North Korea lashes out as South and US begin exercises

This year, Seoul is believed to have urged the US to scale down the size of the drills, to avoid ruffling feathers in Pyongyang.

Staff Writers
2 minute read
Share
South Korean army soldiers work on K2 tanks in preparation for an exercise at a training field in Paju, South Korea, near the border with North Korea, Aug 2. Photo: AP
South Korean army soldiers work on K2 tanks in preparation for an exercise at a training field in Paju, South Korea, near the border with North Korea, Aug 2. Photo: AP

South Korea and the US have gone ahead with their four-day military training exercise despite warnings from North Korea.

The two allies’ summer exercises are scheduled for Aug 16 to 26 and this week’s drills are focusing on contingency planning, Yonhap News Agency reports.

South Korea and the US usually conduct joint military exercises each year in spring and summer.

This year, Seoul is believed to have urged the US to scale down the size of the drills, to avoid ruffling feathers in North Korea.

Pyongyang is warning that the exercises will negatively affect inter-Korean relations and that it will strengthen its defences against the military threat from the US.

The US, South Korea and Japan are on the alert for any provocative action from the North, such as testing ballistic missiles while the exercises are going on.

“I would like to express my deep regret at the perfidious behaviour of the South Korean authorities,” North Korean leader Kim Jong Un’s sister Kim Yo Jong said in a statement, carried by the official Korean Central News Agency.

“Whatever the scale and mode, the joint military exercises are of an aggressive nature as they are a war rehearsal and preliminary nuclear war exercise.”

In June 2020, Pyongyang blew up an inter-Korean liaison office in the border city of Kaesong after shutting down all lines of communication with Seoul, in retaliation for defectors releasing balloons containing leaflets critical of the North.

On July 27, Jong Un and South Korean President Moon Jae In agreed to reconnect communications between the two countries to mark the 68th anniversary of the signing of the ceasefire that suspended the open warfare of the 1950-1953 Korean War.
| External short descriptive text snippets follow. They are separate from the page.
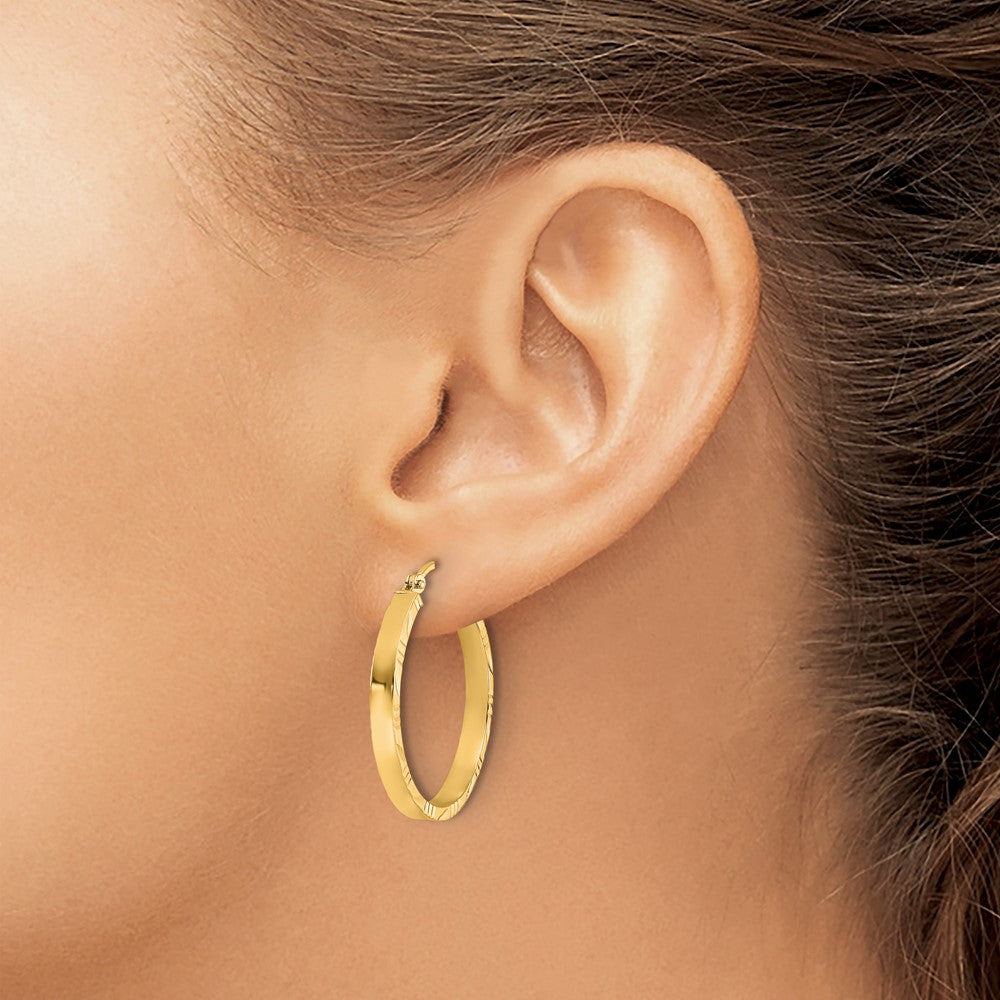 14k Yellow Gold Diamond-Cut Edge Medium 3mm Polished Hoop Earrings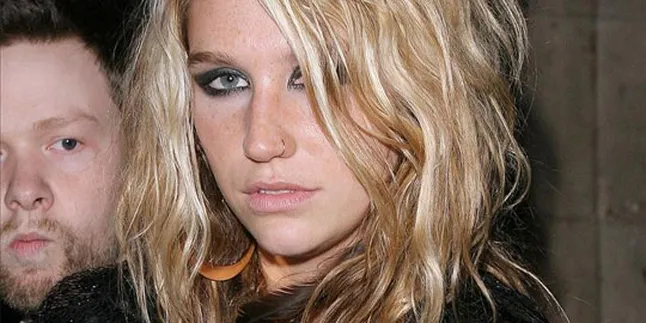 Kesha Bagi-Bagi Kondom Bergambar Wajahnya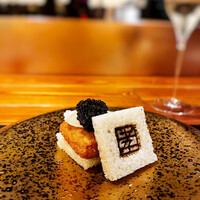 WINE食堂 緒乃 - 特製白甘鯛のフィレオフィッシュサンド  キャビア、サワークリーム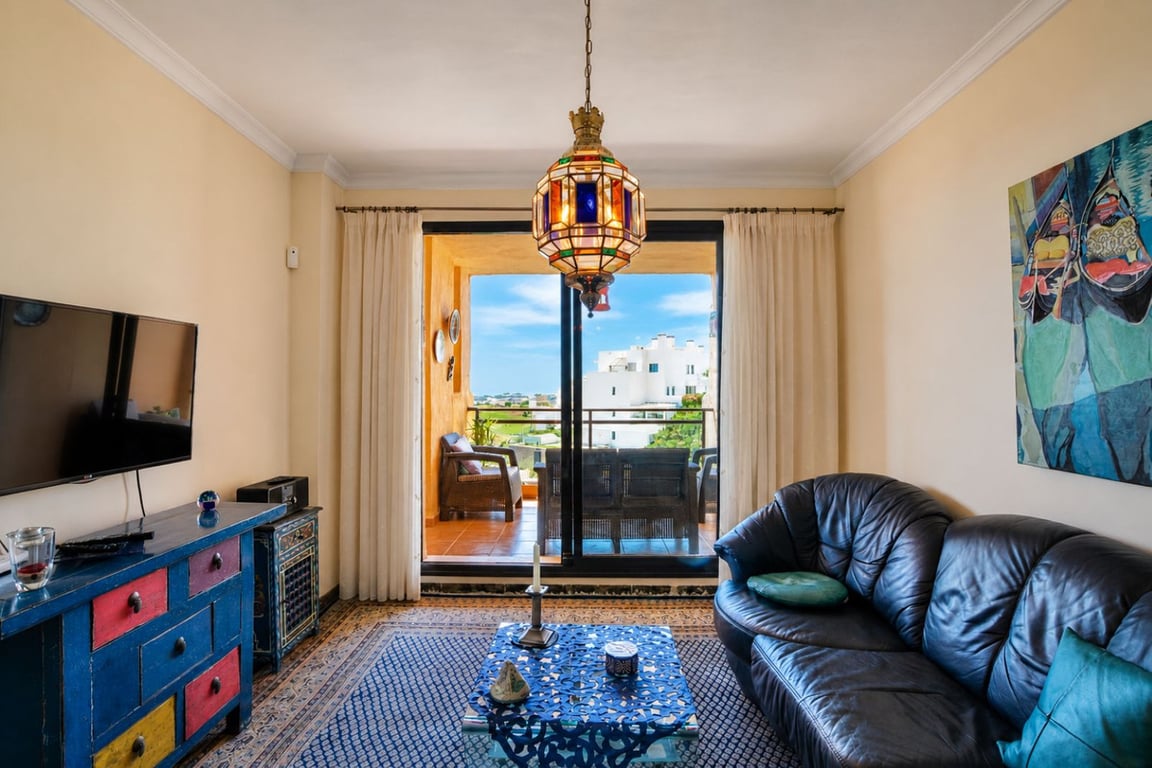 Apartment in La Cala De Mijas - Image 3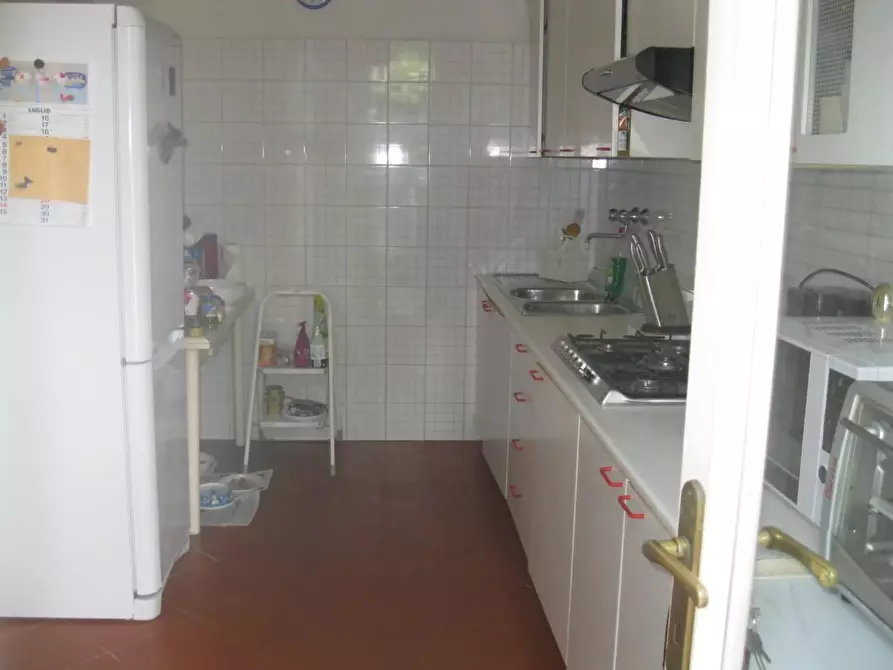 Immagine 7 di Casa semindipendente in vendita  a Carrara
As there was no peace treaty, the North and South are still technically at war.

Since the reconnection, Seoul and Pyongyang have been holding phone conversations every mid-morning and late afternoon, as they did before the lines were disconnected.
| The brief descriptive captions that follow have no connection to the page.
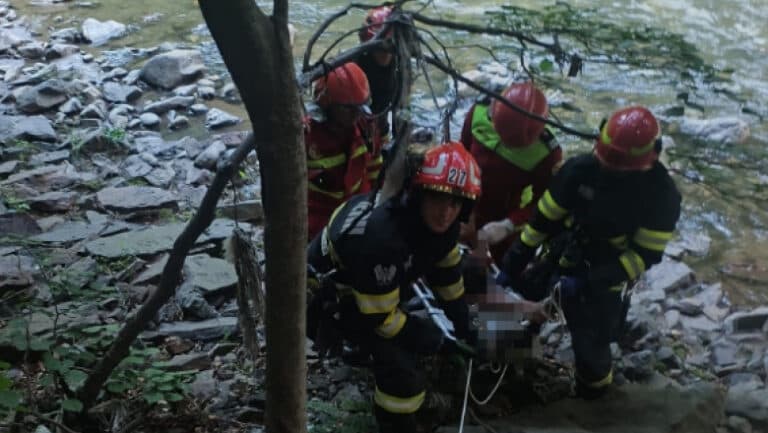 Un bărbat și o femeie, răniți după o cădere de aproape 40 de metri într-o prăpastie din Defileul Jiului, au fost salvați cu curaj de echipele de pompieri.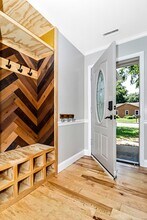 2129 Agecroft Rd in Virginia Beach, VA - Building Photo - Building Photo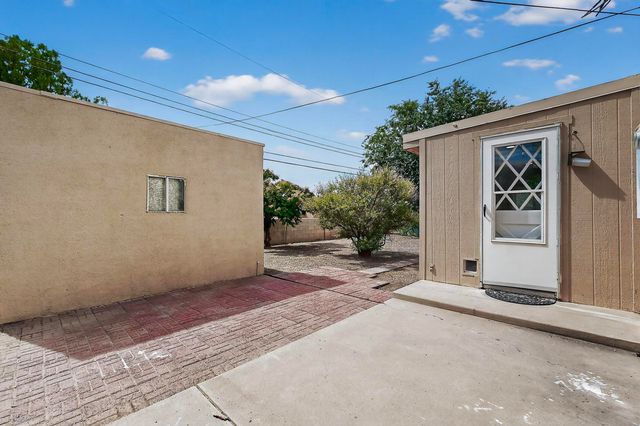 2805 Christine Street NE, Albuquerque, NM 87112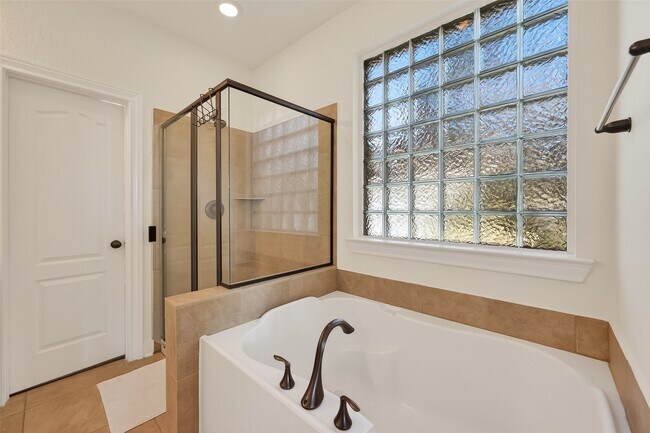 Building Photo - 99 Buck Trail Pl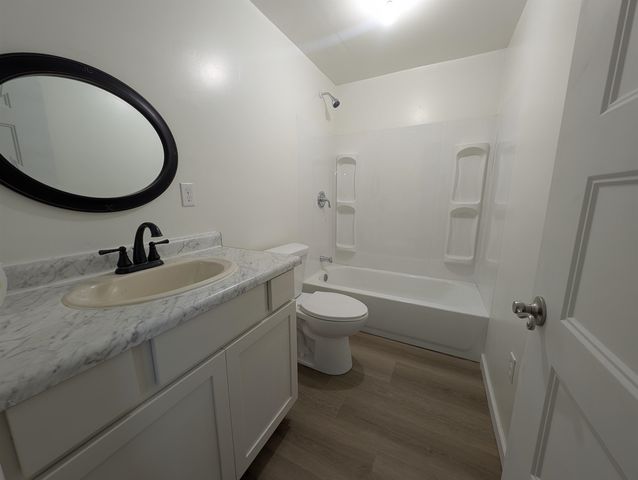 200 E Anniston Ct, Derby, KS 67037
But South Korea’s unification ministry and defence ministry said on Tuesday that these regular calls were now not being answered by the North.

It is not clear whether the military drills are the reason for this, although Yo Jong’s statement continued: “As long as the US forces stay in South Korea, the root cause for the periodic aggravation of the situation on the Korean peninsula will never vanish.”

Negotiations between the US and North Korea on denuclearisation of the Korean Peninsula and lifting of sanctions have been stalled for around two years.